You can use Notepad++ to evaluate a file's encoding without needing to write code. The evaluated encoding of the open file will display on the bottom bar, far right side. The encodings supported can be seen by going to Settings -> Preferences -> New Document/Default Directory and looking in the drop down.
# install the chardet library
!pip install chardet
# import the chardet library
import chardet
# use the detect method to find the encoding
# 'rb' means read in the file as binary
with open("test.csv", 'rb') as file:
print(chardet.detect(file.read()))
CSV files have no headers indicating the encoding.
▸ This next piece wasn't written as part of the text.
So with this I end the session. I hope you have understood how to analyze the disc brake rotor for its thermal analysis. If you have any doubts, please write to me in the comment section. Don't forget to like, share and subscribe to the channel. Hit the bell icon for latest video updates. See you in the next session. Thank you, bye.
You can only guess by looking at:
the platform / application the file was created on
the bytes in the file
In 2021, emoticons are widely used, but many import tools fail to import them. The chardet library is often recommended in the answers above, but the lib does not handle emoticons well.
icecream = '🍦'
import csv
with open('test.csv', 'w') as f:
wf = csv.writer(f)
wf.writerow(['ice cream', icecream])
import chardet
with open('test.csv', 'rb') as f:
print(chardet.detect(f.read()))
{'encoding': 'Windows-1254', 'confidence': 0.3864823918622268, 'language': 'Turkish'}
This gives UnicodeDecodeError while trying to read the file with this encoding.
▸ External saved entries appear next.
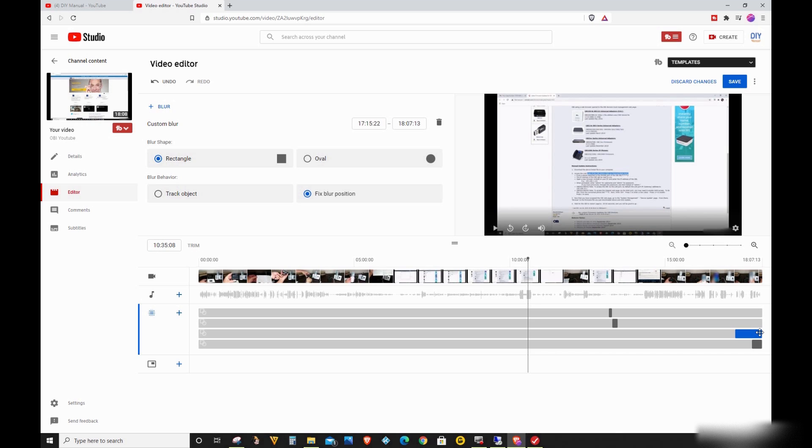If you look at the video timeline, my video ends at 18 minutes, 7 seconds, and 13 milliseconds.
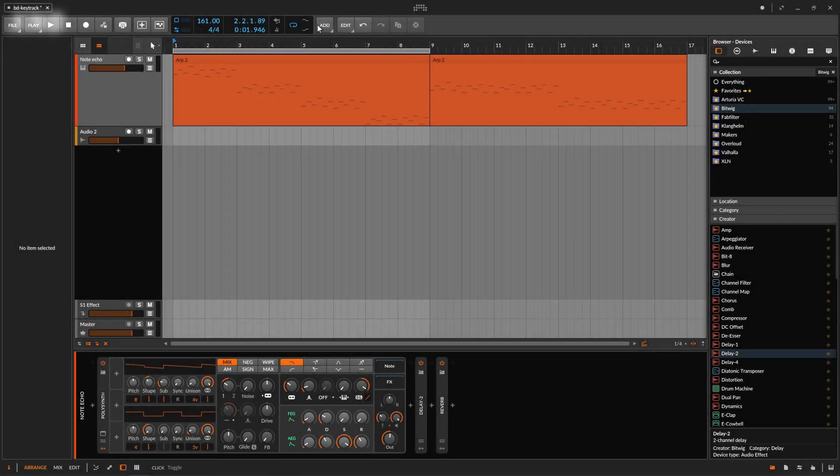Welcome back to another video on this channel about Bitwig. On this one we need to talk about key tracking.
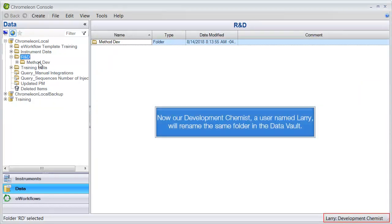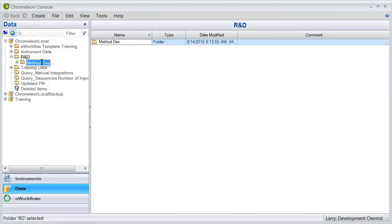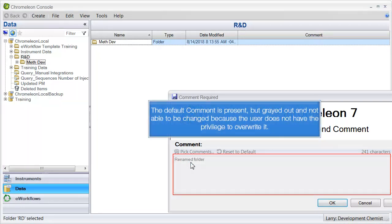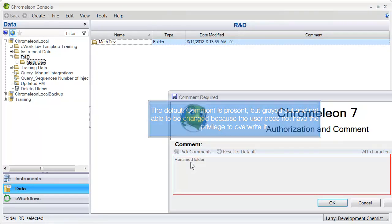Now our development chemist, a user named Larry, will rename the same folder in the data vault. The default comment is present but grayed out and not able to be changed because the user does not have the privilege to overwrite it.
The default encoding on Mac is UTF-8. It's included explicitly here but that wasn't even necessary... but on Windows it might be.
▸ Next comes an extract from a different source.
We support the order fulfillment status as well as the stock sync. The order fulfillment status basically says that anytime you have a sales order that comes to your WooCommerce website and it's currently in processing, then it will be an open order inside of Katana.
with open('test.csv', 'r', encoding='utf-8') as f:
print(f.read())
ice cream,🍦
The file command also picked this up
file test.csv
test.csv: UTF-8 Unicode text, with CRLF line terminators
My advice in 2021, if the automatic detection goes wrong: try UTF-8 before resorting to chardet.
As it is mentioned by @3724913 (Jitender Kumar) to use file command (it also works in WSL on Windows), I was able to get encoding information of a csv file by executing file --exclude encoding blah.csv using info available on man file as file blah.csv won't show the encoding info on my system.